Beijing (CEBR, Douglas McWilliams) – Six months ago, we highlighted the uncertain state of the Chinese economy as one of the key determinants of whether the world economy will enter a recession in 2020-21. As I am currently in Beijing to launch the Cebr report on the Belt and Road Initiative (and for the start of the Peking to Paris Endurance rally) it seems sensible to provide an update on how the Chinese recovery is developing.
The official data shows GDP growth continuing at a 6% plus rate (allegedly 6.4% in Q1). On the ground it looks a bit different. Imports from key trading partners like Korea, Japan, Australia and Singapore have fallen since mid-2018 and show little evidence of revival. Beijing property prices are officially down by over 10% from their peak two years ago. Monetary growth has slowed and has only shown slight signs of recovering.
But on the other hand policy has moved sharply into fast forward mode. Small business taxes have been cut by $29 billion. The income tax threshold has been raised from $6,300 to $9,000. And last month VAT for manufactures was cut from 16% to 13%. Special bonds worth RMB $300 billion will be issued to boost infrastructure. Meanwhile a range of monetary stimulus measures have been introduced. Adding the fiscal and monetary boost (which is pears and apples and not really a legitimate procedure) gives a grand total of 11% of GDP stimulus in the past 6 months. This is almost certainly a world record.
And yet, while the economy looks robust at one level, fears of the economic impact of the trade war with the US dominate the press. China’s second biggest property developer Evergrande (with debts of $99 billion) has been forced to issue debt at 11% to mature in 2020 on the back of a promise for a fire sale of property. Since property is China’s main asset class, sharp falls in property prices would be destabilising.
For many years, Cebr has followed the Chinese transport and electricity data to cross check the GDP information. The latest electricity data was issued three days ago accompanied by a glossy press notice saying that the (slight) recovery in electricity production showed that GDP was recovering.
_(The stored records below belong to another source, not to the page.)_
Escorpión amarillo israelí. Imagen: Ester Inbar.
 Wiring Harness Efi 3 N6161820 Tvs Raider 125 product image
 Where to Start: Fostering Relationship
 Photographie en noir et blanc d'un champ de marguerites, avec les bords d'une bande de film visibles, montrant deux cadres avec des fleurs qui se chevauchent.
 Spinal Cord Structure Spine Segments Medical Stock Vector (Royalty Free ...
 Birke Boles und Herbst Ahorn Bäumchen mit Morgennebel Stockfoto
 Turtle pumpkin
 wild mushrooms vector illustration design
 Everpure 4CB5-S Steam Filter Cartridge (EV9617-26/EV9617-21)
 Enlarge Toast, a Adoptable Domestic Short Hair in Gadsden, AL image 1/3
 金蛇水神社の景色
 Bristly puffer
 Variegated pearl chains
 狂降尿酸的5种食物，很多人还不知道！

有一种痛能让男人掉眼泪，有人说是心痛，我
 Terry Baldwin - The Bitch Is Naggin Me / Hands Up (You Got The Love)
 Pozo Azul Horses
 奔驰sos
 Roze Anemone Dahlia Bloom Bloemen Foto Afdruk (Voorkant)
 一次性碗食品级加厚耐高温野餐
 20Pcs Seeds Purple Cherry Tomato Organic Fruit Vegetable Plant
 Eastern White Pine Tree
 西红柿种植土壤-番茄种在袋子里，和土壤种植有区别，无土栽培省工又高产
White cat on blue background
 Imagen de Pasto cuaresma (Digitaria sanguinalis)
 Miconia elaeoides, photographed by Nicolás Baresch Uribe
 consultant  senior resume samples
Chinese data is slightly subject to Goodhart’s law that once the authorities start using an item of data its relationship with other variables is likely to be affected.
No one has ever got rich betting against the Chinese Government’s ability to manage the economy. The authorities are both skilled and determined and they have rather more levers to pull than Western governments in similar situations might have.
And the latest monetary data hints at an acceleration. But it is far too soon to tell if these early signs will turn into a full blown recovery.
My best guess is that there will be a recovery, even if it is rather less buoyant than one might normally expect given the scale of fiscal and monetary action.
The rest of the world will be watching Chinese indicators closely over the coming months to check that this is really happening. And fiscal and monetary authorities will be keeping their fingers crossed.